3. If the auditor doesn’t comply with the above mentioned Section it will be punishable with fine which shall not be less than 30,000/- but which may extend to 5,00,000/-.
4. (i) Special notice shall be required for a resolution at an annual general meeting appointing as auditor a person other than a retiring auditor or proving that a retiring auditor shall not be re-appointed, except where the retiring auditor has completed a consecutive tenure of five years or ten years as the case may be, as mentioned in Section.135(2).
(ii) On receipt of notice of such a resolution, the company shall forthwith send a copy thereof to the retiring auditor.
(iii) Where notice is given of such a resolution and the retiring auditor makes representation in writing to the company (within the reasonable time) and request the Company to forward the same to the members unless the representation is received too late:
a.
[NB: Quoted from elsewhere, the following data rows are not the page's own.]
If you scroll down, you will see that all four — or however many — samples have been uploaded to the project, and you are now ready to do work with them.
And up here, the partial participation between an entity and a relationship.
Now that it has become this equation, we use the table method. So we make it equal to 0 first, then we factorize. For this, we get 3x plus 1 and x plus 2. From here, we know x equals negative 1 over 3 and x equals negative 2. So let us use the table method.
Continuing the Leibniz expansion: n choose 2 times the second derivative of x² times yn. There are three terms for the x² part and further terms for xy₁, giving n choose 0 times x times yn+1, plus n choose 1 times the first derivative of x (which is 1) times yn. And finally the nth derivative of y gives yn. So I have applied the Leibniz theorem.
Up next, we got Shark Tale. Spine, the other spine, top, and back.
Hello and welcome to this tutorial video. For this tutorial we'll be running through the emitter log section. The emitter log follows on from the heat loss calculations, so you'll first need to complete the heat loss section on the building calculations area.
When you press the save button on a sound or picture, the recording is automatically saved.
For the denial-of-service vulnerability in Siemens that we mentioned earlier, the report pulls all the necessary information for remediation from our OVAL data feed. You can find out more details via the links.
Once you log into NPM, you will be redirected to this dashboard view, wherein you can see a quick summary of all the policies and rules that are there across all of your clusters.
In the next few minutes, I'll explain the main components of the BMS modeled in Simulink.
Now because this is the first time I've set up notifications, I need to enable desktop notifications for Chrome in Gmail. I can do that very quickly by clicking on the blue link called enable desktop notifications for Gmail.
Any notice of the resolution given to members of the Company, state the fact of the representation made by the Auditor.
b. Send a copy of the representation to every member to whom notice has been sent.
- If the copy of the representation is not sent because it has been received too late or on behalf of the Company’s default then the same thing has to be read at the ensuing meeting.
- If the copy of representation is not sent, then the same has to be filed with the registrar.
- If the tribunal is satisfied on an application by the Company or an auditor that the rights conferred by the auditor has been abused then copy of the representation need not be sent and need not be read out at the meeting.
5. The tribunal either suo motu or an application made to it by Central Government or by any person concerned , if it is satisfied that auditor has acted in fraudulent manner, it may by order , direct the company to change the same and within 15 days direct the Company to appoint another Auditor.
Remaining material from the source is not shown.